Friday, September 20, 2013

They're Taking Over

That's the title of a book review in the NY Review of Books.  It is a review by Tim Flannery of "Stung! On Jellyfish Blooms and the Future of the Ocean".  It is very scary.  The essential point is that the jellyfish population is growing tremendously.  Lisa-ann Gershwin, the author of the book concludes
When I began writing this book,… I had a naive gut feeling that all was still salvageable…. But I think I underestimated how severely we have damaged our oceans and their inhabitants.
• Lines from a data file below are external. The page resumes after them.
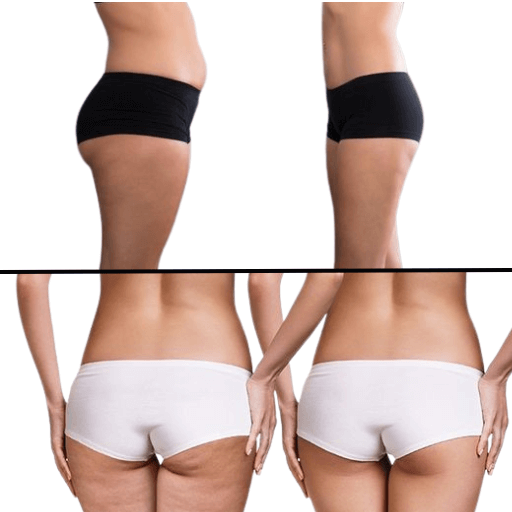 4 vials of sculptra for buttocks before and after pictures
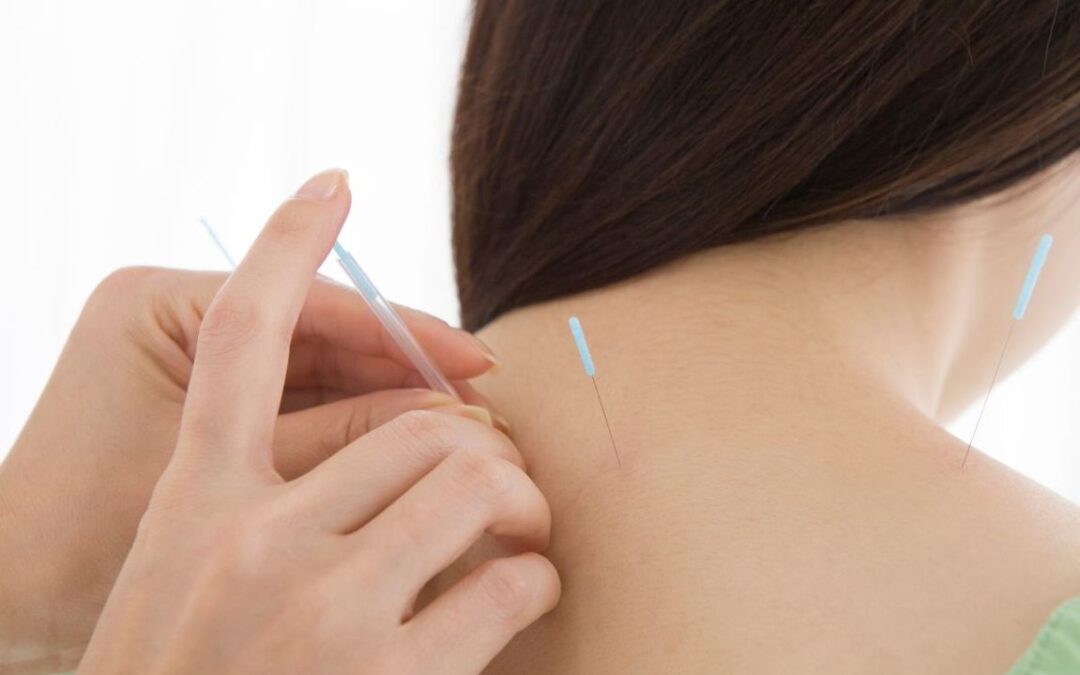 Agopuntura per cervicale, la soluzione per dire addio al dolore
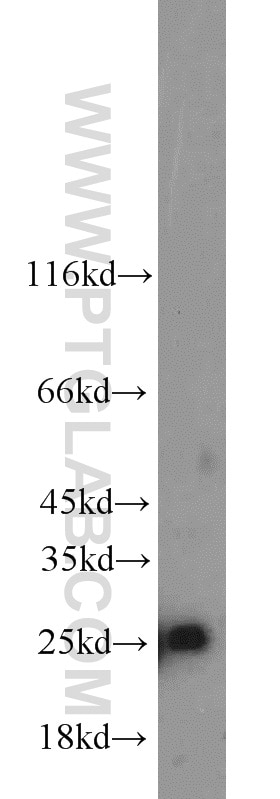 Western Blot (WB) analysis of Jurkat cells using TFAM Polyclonal antibody (19998-1-AP)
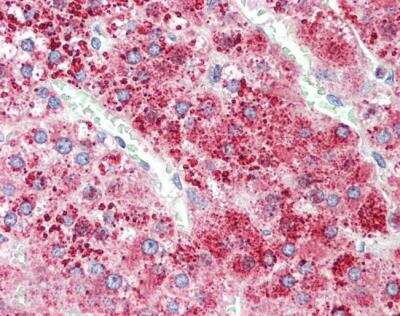 Immunohistochemistry: Apolipoprotein D Antibody [NBP2-42512]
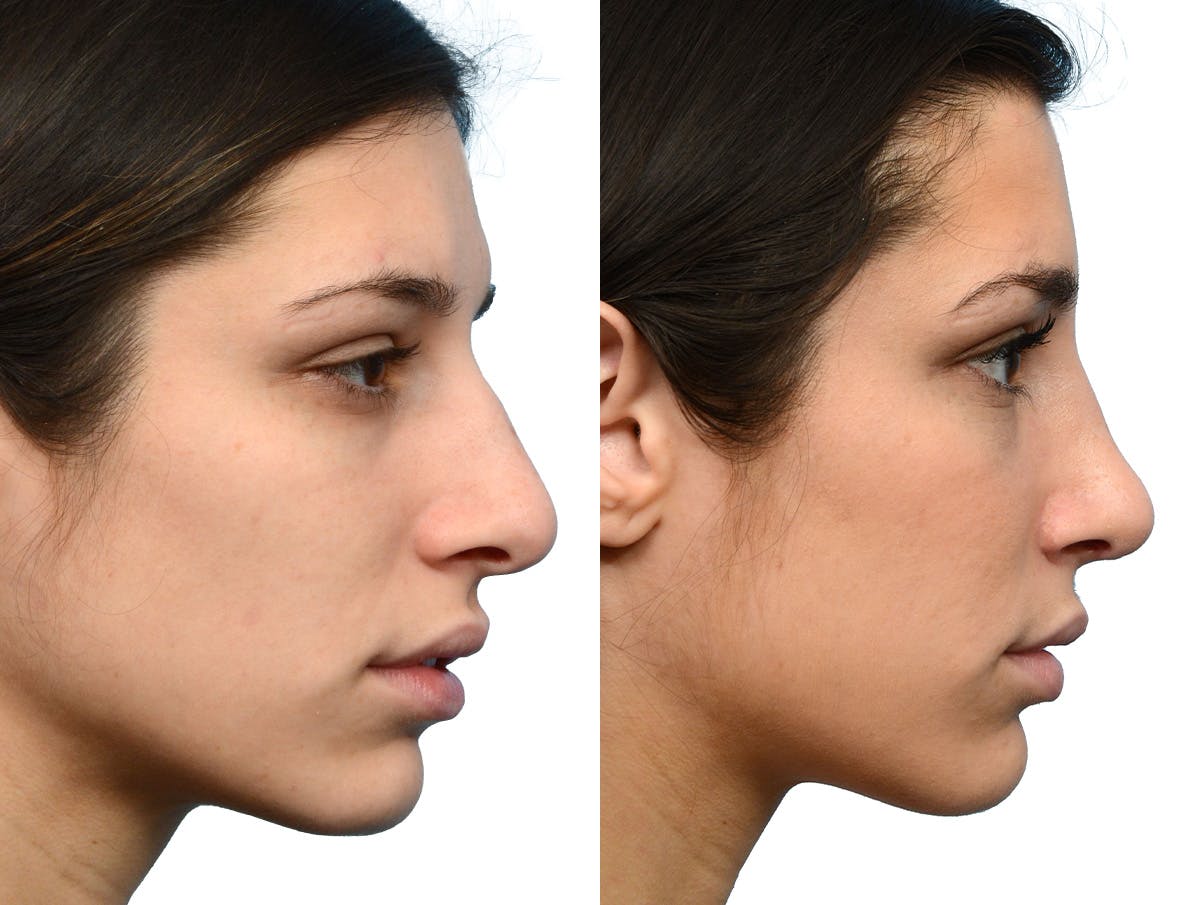 Rhinoplasty Before & After Gallery - Patient 366060 - Image 1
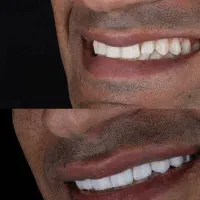 دیگربه بیمه دندانپزشکی نیازی نیست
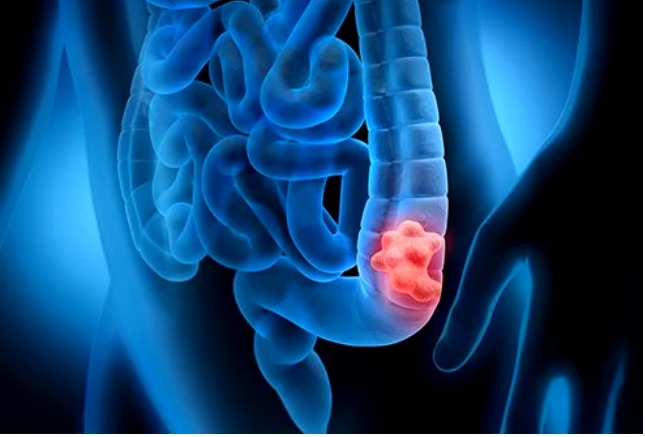 Los antibióticos aumentan el riesgo de desarrollar cáncer de colon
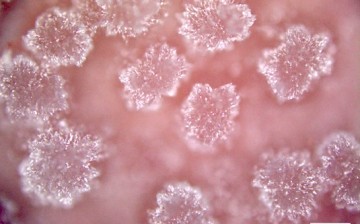 Microscope view of fat bloom on chocolate. 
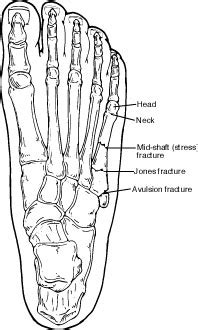 Fifth Metatarsal Fracture - Broken 5th Metatarsal | Foot Health Facts ...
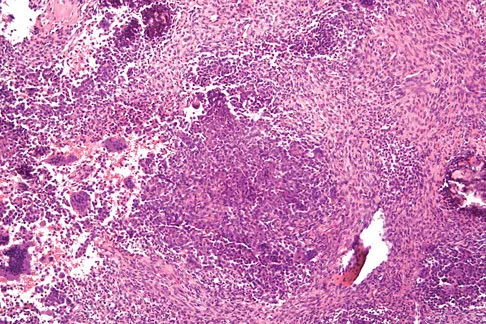 Orthopedic Surgery Board Review 2026 | High-Yield MCQs - Set 4 - Figure 37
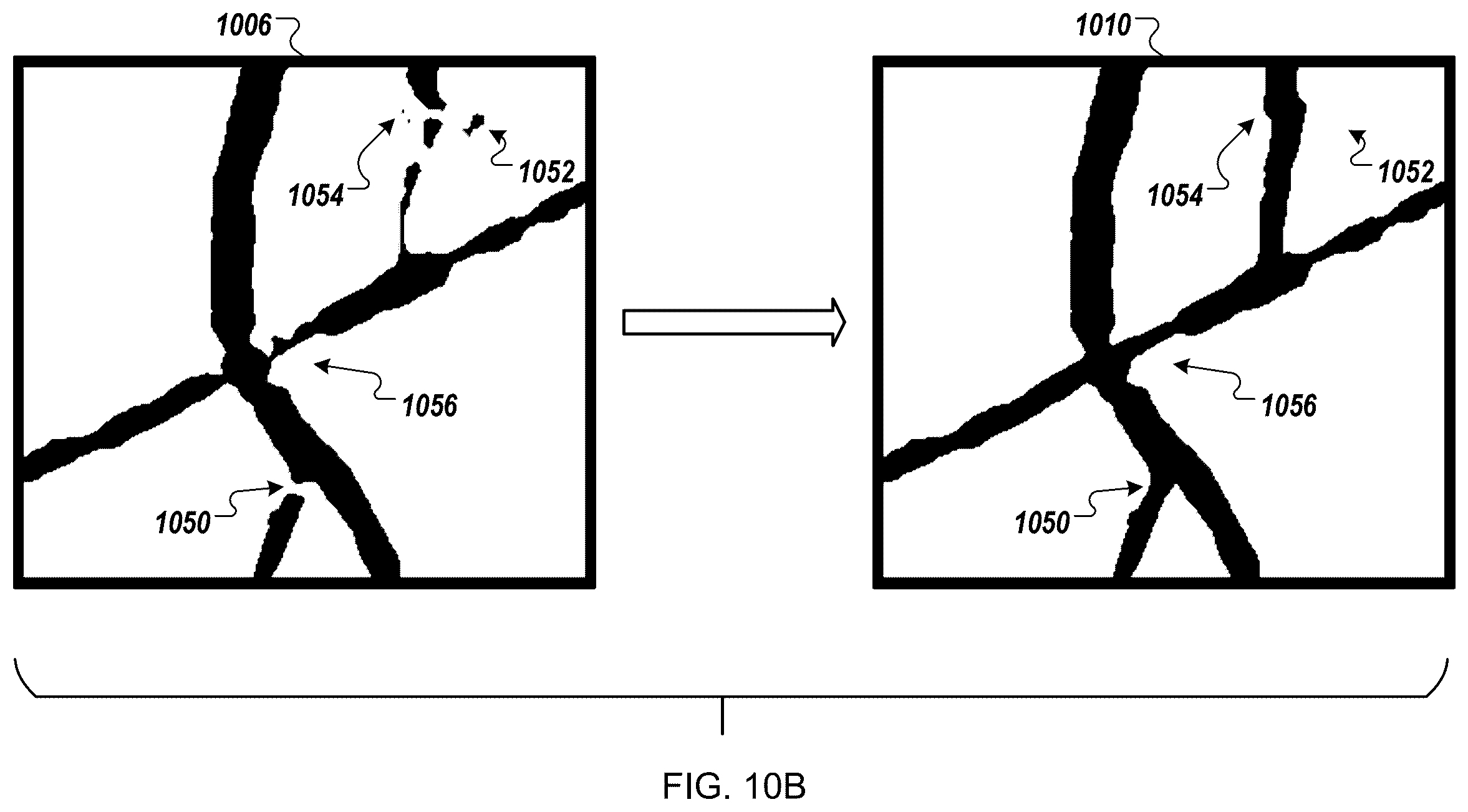 Patent US12376905 Figure 12 – Augmented reality display of surgical imaging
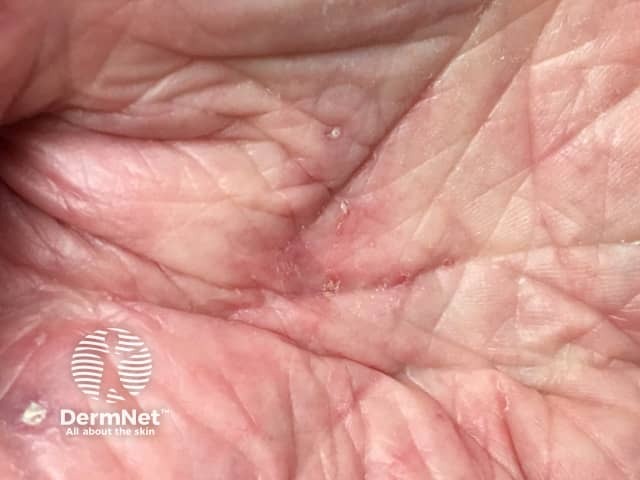 Palmar burrows due to scabies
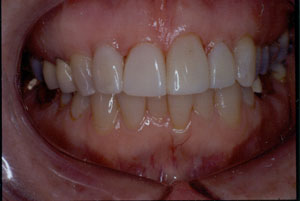 Poor restorations 2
I now think that we have pushed them too far, past some mysterious tipping point that came and went without fanfare, with no red circle on the calendar and without us knowing the precise moment it all became irreversible. I now sincerely believe that it is only a matter of time before the oceans as we know them and need them to be become very different places indeed. No coral reefs teeming with life. No more mighty whales or wobbling penguins. No lobsters or oysters. Sushi without fish.
Her final word to her readers: “Adapt.”

Jellyfish are appearing for the first time in a number of places from Cape Town to Florida. They became so plentiful in the Black Sea that their total weight was estimated to be ten times greater than the weight of all fish caught in a year.  And they are also affecting such man-made objects as the aircraft carrier, USS Ronald Reagan, Japan's nuclear power plants, the electrical system in the Philippines.  Another book excerpt:
If I offered evidence that jellyfish are displacing penguins in Antarctica—not someday, but now, today—what would you think? If I suggested that jellyfish could crash the world’s fisheries, outcompete the tuna and swordfish, and starve the whales to extinction, would you believe me?
Of course, we are well aware that the sting of a jellyfish can be fatal. This one


could kill you in two minutes.  The irukandji shown below makes you hang around for twelve hours or so in tremendous pain.


1 comment:

R J Adams said...

And it's not just the oceans we've pushed past the tipping point. It's the whole planet.